The basis for this project was a component of a semester long team project at Michigan Tech to design, develop, and test a robot of our own imagination. Our team decided on creating a grilled cheese making robot, and as part of that a circuit board to control the robot was necessary.

The electrical design for the board was simple in concept-- create a board capable of controlling 3 separate stepper motors and a resistive heating device, while taking in human input, mechanical positions, and thermal readings (to allow for closed-loop control). This could be accomplished (and was accomplished) quite easily using a microcontroller with pulse width modulation capabilities and a few breakout boards for stepper motor control.

Design

Mr-Flipper.pdf

Pictured above is the finished schematic for Mr. Flipper's control board, broken down into pieces that descriptively single out design requirements. The general design was as such-- and Arduino Nano for the microcontroller, as they are robust enough and easy to replace. Connected to PWM pins on the Arduino Nano, there are 3 breakout Pololu A4988 stepper motor driver boards, which are themselves wired to power and some screw terminals for later connection to motors. Additionally connected to the Nano via PWM pins is a 3x1 screw terminal set intended to be the connection points for the resistive heating device.
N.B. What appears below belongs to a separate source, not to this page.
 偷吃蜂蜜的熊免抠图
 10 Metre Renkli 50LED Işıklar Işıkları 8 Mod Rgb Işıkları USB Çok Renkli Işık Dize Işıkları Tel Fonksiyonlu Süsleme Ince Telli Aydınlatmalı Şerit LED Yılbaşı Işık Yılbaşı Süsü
In order to ensure closed-loop control, several connection points were made to be later utilized as potentiometer based position sensors for the stepper motors. A power supply circuit is included for basic safety and distribution. Finally, there is a set of five screw terminals connected to "Clk, Latch, Data, +5V, GND." This port is intended to be a connection point for an NES controller. Human control was a specification for the design, and NES controllers are rather simplistic, so an NES controller was chosen as the control input for convenience and novelty.

Flipper-pcb.png

The final routed PCB for Mr.Flipper's control board is pictured above. It should be noted that this board was explicitly made to be single layer for ease of creation/acquisition-- any pictured top layer traces in practice were replaced with a wire connection. Having a single layer board was technically not a required design specification, but it was chosen so as to quickly manufacture the board at home as opposed to contracting it out.

Materials and Costs

The bill of materials for just this board (and the class project at large) costed approximately $63 dollars, but taking into account only the parts utilized on the board, the cost drops down to approximately $15.30. The entire robot required further expenses (i.e the mechanical components and auxiliary parts out of the scope of the electrical team). The completed BOM is listed below.

Flipper-BOM.pdf

In total, this project took approximately a collective 20-25 hours to complete, from first concepts to soldering.

Final Project Results

Done-Mr-Flipper.jpg

Pictured above is the completed result of the team's efforts-- an automatic grilled cheese making robot. The complete circuit board can be seen rested on the bottom of the device. The 3 stepper motors collectively control the XY positioning of the spatula, and the rotation of the spatula. The device can pick up an unfinished grilled cheese, lift it up into the resistive heating device (seen mounted near the top of the device), leave the sandwich until cooked perfectly, and then remove the sandwich from the device and present it to be eaten.